Lim: The biggest challenge for shipping will be addressing climate change
The biggest challenge for the shipping industry will be addressing climate change, the IMO Secretary-General Kitack Lim said in his address earlier today kicking off SMM Digital in Hamburg.
Over the next four days, the industry’s most renowned maritime fair is going digital featuring 60 hours of programme and more than 100 speakers from all maritime sectors broadcasted via two free streaming channels.
The event will serve as a platform for the industry stakeholders to discuss the pressing challenges in the maritime industry ranging from the impact of the pandemic on various sectors to the role of the shipping industry in driving economic recovery in a greener and cleaner manner.
One of the key topics is the colossal task of decarbonizing the industry as well as the potential pathways of cutting emissions from the existing ships and those yet to be built.
“IMO is working to ensure shipping can embrace the upcoming revolution while ensuring safety, boosting environmental protection, and managing cybersecurity risks. However, the single, biggest challenge we will be facing is climate change,” Lim said.

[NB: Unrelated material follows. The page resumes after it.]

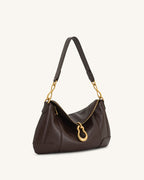 JW PEI Shoulder Bag – Dark Brown 3
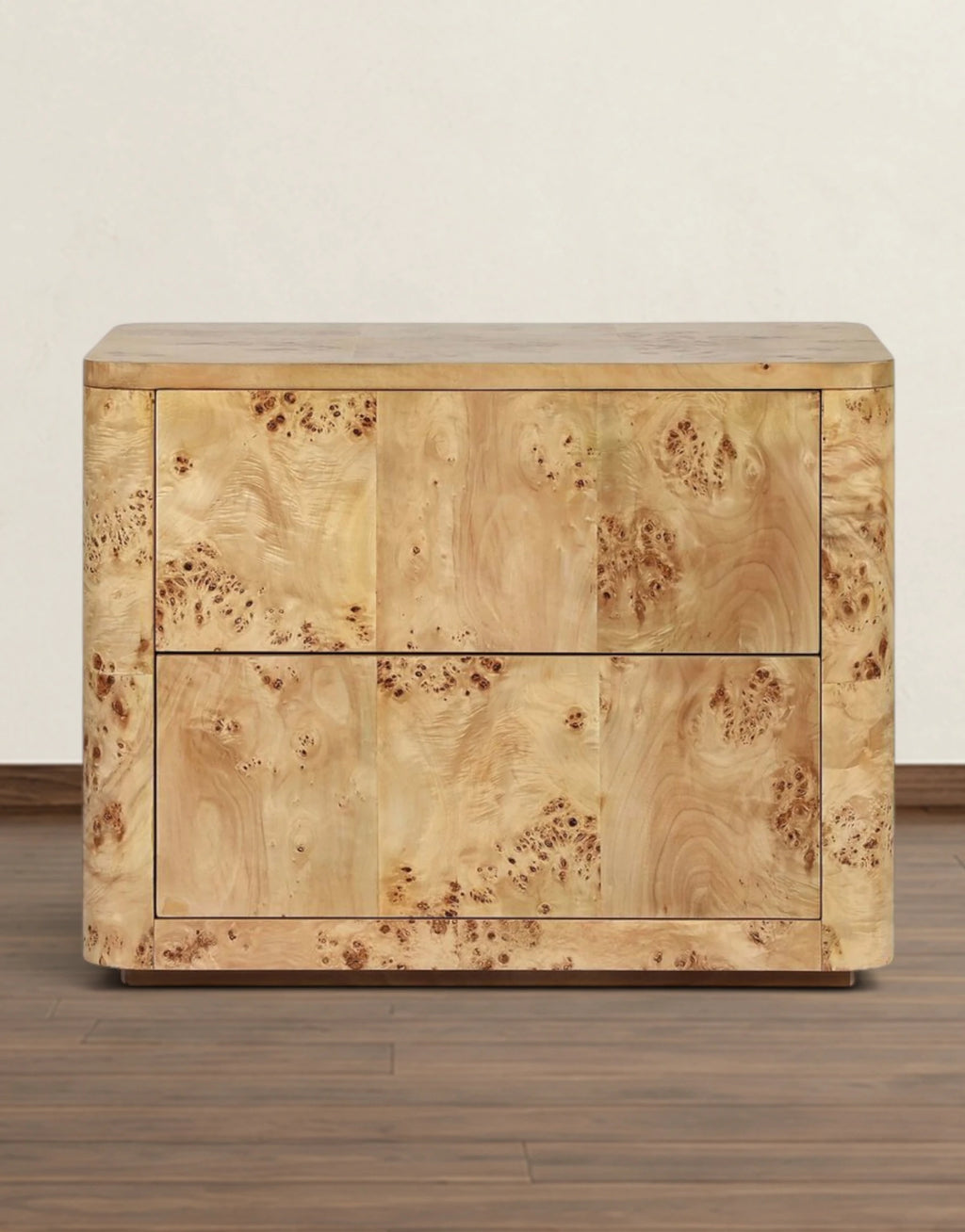 Liora Burl Nightstand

“Now is the time to initiate shipping’s energy transition to meet ambitious decarbonization targets of the IMO’s Greenhouse Gas Strategy and to ultimately phase out greenhouse gas emissions from shipping. New technologies, new fuels, and innovation will be vital. Research into the development zero carbon marine fuels is underway with hydrogen, ammonia and biofuels considered to be viable options.
Nevertheless, as Lim pointed out more action is needed requiring investments in R&D and infrastructure development.
“To achieve this IMO is stepping up its efforts to act as the global promoter of R&D in zero carbon fuels bringing together industry stakeholders from the public and private sector,” he added.
Maritime trade is vital for the world economy. As explained, to develop a greener maritime industry structural cooperation on a massive scale will be required.
“We must all work together to enable this truly sustainable future,” he concluded.